Breeding of Red-Billed Chough
The eight subspecies of Red-Billed Chough breed on mountains and coastal cliffs from the western coasts of Ireland and Britain east through southern Europe and North Africa to Central Asia, India and China.
Structure pf Red-Billed Chough
Red-Billed Chough has glossy black plumage, a long curved red bill, red legs, and a loud, ringing call. It has a buoyant acrobatic flight with widely spread primaries. The Red-Billed Chough pairs for life and displays fidelity to its breeding site, which is usually a cave or crevice in a cliff face. It builds a wool-lined stick nest and lays three eggs. It feeds, often in flocks, on short grazed grassland, taking mainly invertebrate prey.
Description of Red-Billed Chough
Red-Billed Chough was first described by Linnaeus in his Systema Naturae in 1758 as Upupa pyrrhocorax. It was moved to its current genus, Pyrrhocorax, by Marmaduke Tunstall in his 1771 Ornithologia Britannica.
Size of Red-Billed Chough
The size of the adult Red-Billed Chough is 39-40 centimetres (15-16 in) in length, has a 73-90 centimetres (29-35 in) wingspan, and weighs an average 310 gram (10.9 oz).
Plumage of Red-Billed Chough
The plumage of Red-Billed Chough is velvet-black, green-glossed on the body, and it has a long curved red bill and red legs. The sexes are similar (although adults can be sexed in the hand using a formula involving tarsus length and bill width) but the juvenile has an orange bill and pink legs until its first autumn, and less glossy plumage.

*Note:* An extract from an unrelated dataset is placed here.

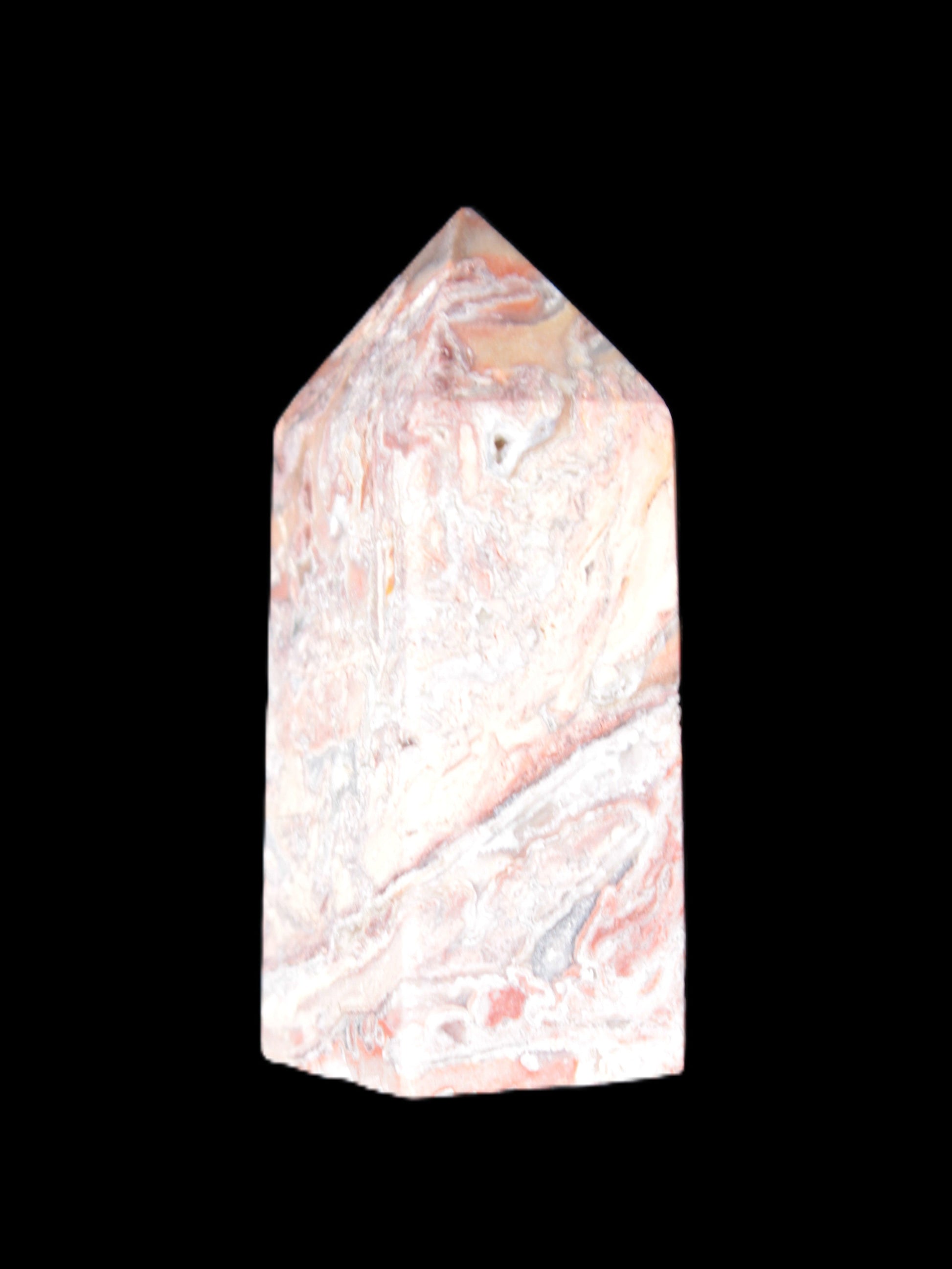 Crazy Lace Agate from Mexico wand 62mm 77g Rocks and Things Store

Sounds of Red-Billed Chough
The sound of Red-Billed Chough is loud. The ringing chee-ow call is clearer and louder than the similar vocalisation of the jackdaw, and always very different from that of its yellow-billed congener, which has rippling preep and whistled sweeeooo calls. Small subspecies of the Red-Billed Chough have higher frequency calls than larger races, as predicted by the inverse relationship between body size and frequency.
Concentration of Red-Billed Chough
Red-Billed Chough concentrates in Ireland, western Great Britain, the Isle of Man, southern Europe and the Mediterranean basin, the Alps and in mountainous country across Central Asia, India and China, with two separate populations in the Ethiopian Highlands. It is a non-migratory resident throughout its range.

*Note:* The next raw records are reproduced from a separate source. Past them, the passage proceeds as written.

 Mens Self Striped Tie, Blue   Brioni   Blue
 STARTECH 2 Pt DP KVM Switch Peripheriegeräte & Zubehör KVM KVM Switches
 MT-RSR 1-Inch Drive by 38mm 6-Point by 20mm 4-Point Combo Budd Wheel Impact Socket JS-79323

Habitat of Red-Billed Chough
The main habitat of Red-Billed Chough is high mountains; it is found between 2,000 and 2,500 metres (6,560-8,200 ft) in North Africa, and mainly between 2,400 and 3,000 metres (7,950-9,840 ft) in the Himalayas. In that mountain range it reaches 6,000 metres (19,650 ft) in the summer, and has been recorded at 7,950 metres (26,080 ft) altitude on Mount Everest. In Ireland, Great Britain and Brittany it also breeds on coastal sea cliffs, feeding on adjacent short grazed grassland or machair. It was formerly more widespread on coasts but has suffered from the loss of its specialised habitat. It tends to breed at a lower elevation than the Alpine chough, that species having a diet better adapted to high altitudes.
Egg of Red-Billed Chough
The egg size of Red-Billed Chough is independent of the clutch size and the nest site, but may vary between different females. The female incubates for 17-18 days before the altricial downy chicks are hatched, and is fed at the nest by the male. The female broods the newly hatched chicks for around ten days, and then both parents share feeding and nest sanitation duties. The chicks fledge 31-41 days after hatching.

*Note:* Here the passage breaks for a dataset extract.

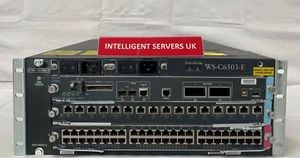 Cisco Catalyst 6503 1x VS-S720-10G-3C 1x WS-X6748-GE-TX 1x WS-X6716-10T-3C - Picture 1 of 2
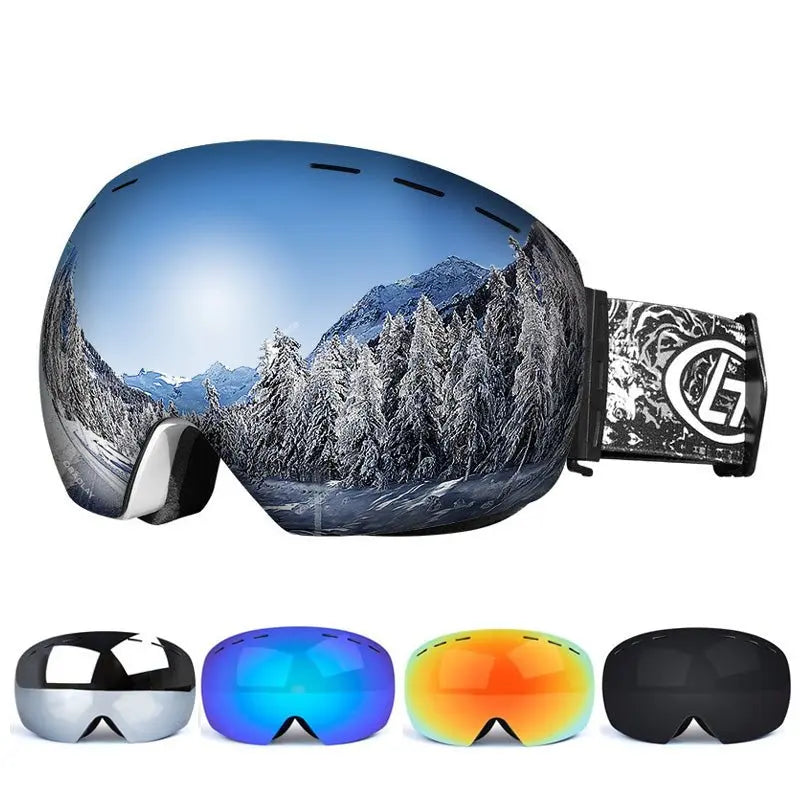 big ski goggles Ski Goggles Double Layers UV Anti-fog Big Ski Mask Glasses Skiing Snow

Feeding of Red-Billed Chough
The food habit of Red-Billed Chough consists largely of insects, spiders and other invertebrates taken from the ground, with ants probably being the most significant item. The Central Asian subspecies P. P. centralis will perch on the backs of wild or domesticated mammals to feed on parasites. Although invertebrates make up most of the chough's diet, it will eat vegetable matter including fallen grain, and in the Himalayas has been reported as damaging barley crops by breaking off the ripening heads to extract the corn. In the Himalayas, they form large flocks in winter. The preferred feeding habitat is short grass produced by grazing, for example by sheep and rabbits, the numbers of which are linked to the chough's breeding success. Suitable feeding areas can also arise where plant growth is hindered by exposure to coastal salt spray or poor soils. It will use its long curved bill to pick ants, dung beetles and emerging flies off the surface, or to dig for grubs and other invertebrates. The typical excavation depth of 2-3 cm reflects the thin soils which it feeds on, and the depths at which many invertebrates occur, but it may dig to 10-20 cm in appropriate conditions.